By recovering a poor customer experience, you’ll demonstrate your ability to solve problems, increase clients’ loyalty and show your genuine concern. Additionally, maintaining a customer relationship is key as retaining customers is much cheaper, in time and money, than attracting new ones.

Negative customer experiences usually arise under two scenarios: product problems (such as bugs and usability tests) and unsatisfactory support. Whatever the way it arrives to you, the pain for your customers is the same and has to be taken seriously. From your choice of words, to managing your emotions and providing appropriate responses, these tips will help you recover from a bad customer experience.

Let them vent

Your customer clearly is angry or frustrated, which means that you need to counteract that emotion by being the calm one. Always remember, the client is not mad at you, but rather at the company - so don’t take it personally. Allowing your customers to freely vent and express their frustrations shows them you’re here to listen and help. A good methodology for that is delicately asking them questions to determine what their problem actually is. This is your opportunity to find a remedy to the issue they are experiencing, while offering your users a safe place to alleviate the pressure.

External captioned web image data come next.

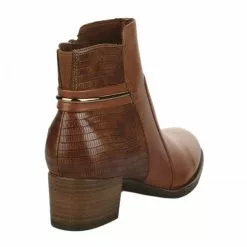 Boots Femme - TAMARIS - Naturel Naturel -Promos BOOTS Femme Boutique 79504 vignettes 3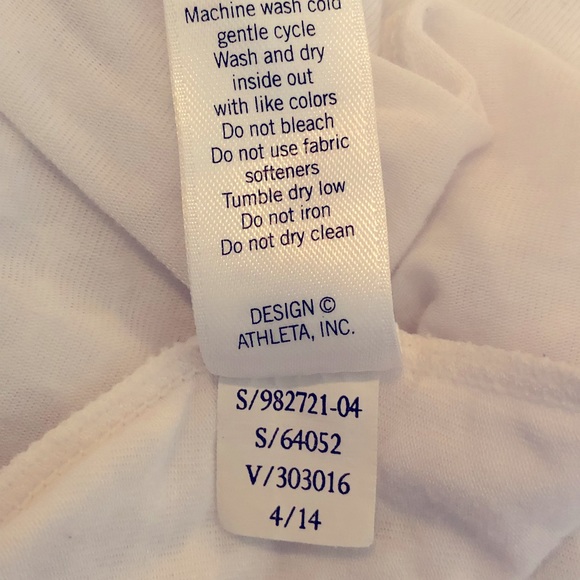 ATHLETA XS TEE - Picture 8 of 8
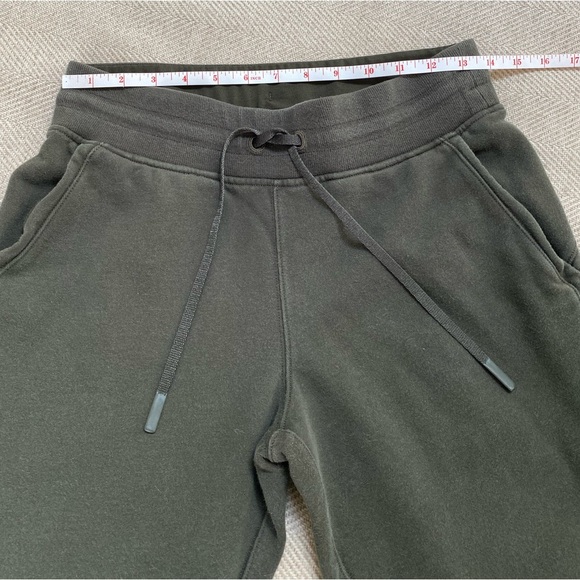 Lululemon Warm Down Jogger II 28" Dark Olive - Picture 7 of 10
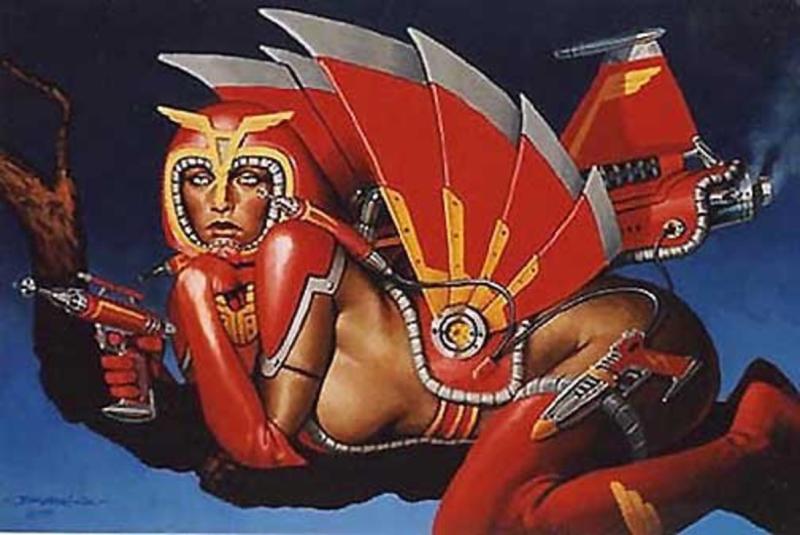 Redd Rockett By Dorian Cleavenger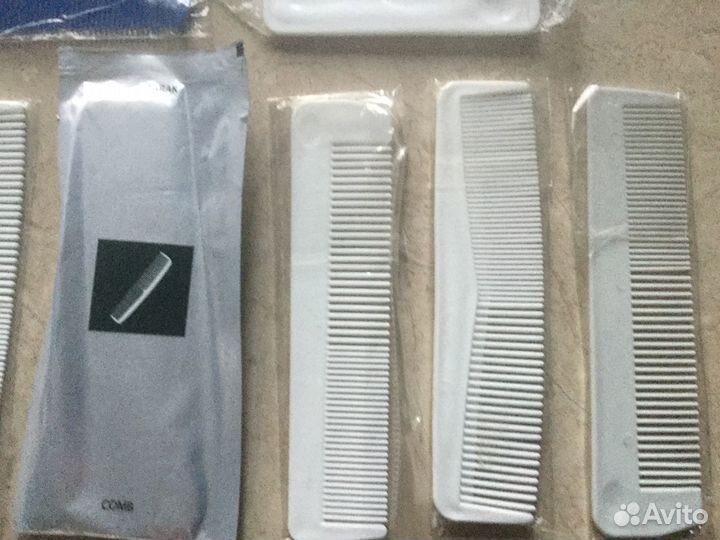 Расческа фирменная набор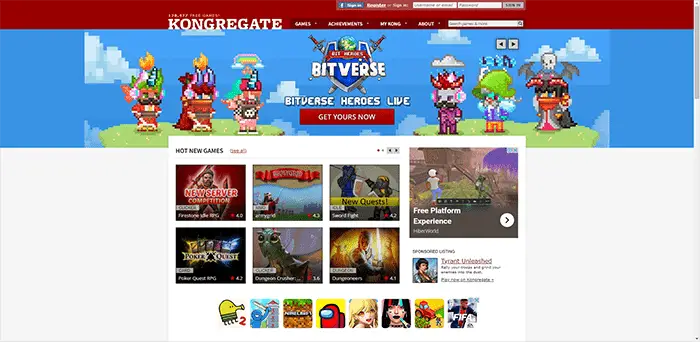 Best Unblocked Game Websites by School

Invest your time and keep it sincere

Have you ever heard the saying “the greatest gift you can give someone is your time?” This especially applies to your customers. Take time to listen carefully to what they have to say. To understand and defuse the situation, start by putting yourself in your customer’s shoes and seeing the situation through their eyes. Give them the feeling that you’re on their side, all the way through and use thoughtful customer service phrases to drive the conversation in the right direction. Firstly, be professional and don’t leave your customer hanging. They have high expectations during this sensitive moment. Secondly, avoid harsh phrases such as “I am unable to do that for you” or “It’s company rules.” Aim for cool and composed phrases such as “We understand your frustration. We’re here to help you” or “Walk us through the issue you’ve been experiencing and we’ll look into this for you immediately.” Thirdly, if the situation is right, don’t be afraid to apologize for the way they are feeling about the experience. For example “We apologize for any frustration this matter has caused you.” Sincerity and patience will go a long way towards winning your customer back.

Take responsibility

Ever been so frustrated that you caved in and made a spontaneous decision? Customers feel the same way. Negative emotions can lead to them packing up and leaving your company for good. Remember, every customer complaint is not your fault. However, since you are one of the faces of the company, it’s important to take ownership in any slip up. Start by identifying the issues caused by your company and address the matter. Offer a generous and genuine apology and back it up with how you’ll take action.

An excellent example of a company taking responsibility is the apology from snack company IRVINS Salted Egg when one customer found a dead lizard in one of their products. The statement alone had people from all over the web flocking to their Facebook page, and praising them and winning back customer hearts. Here is a snippet of the apology:

quote from irvins salted egg

Consumers expect brands to apologize for any mistakes. So, if Elton John’s hit sums it up nicely with his song “Sorry seems to be the hardest word,” remember that it’s also the most rewarding.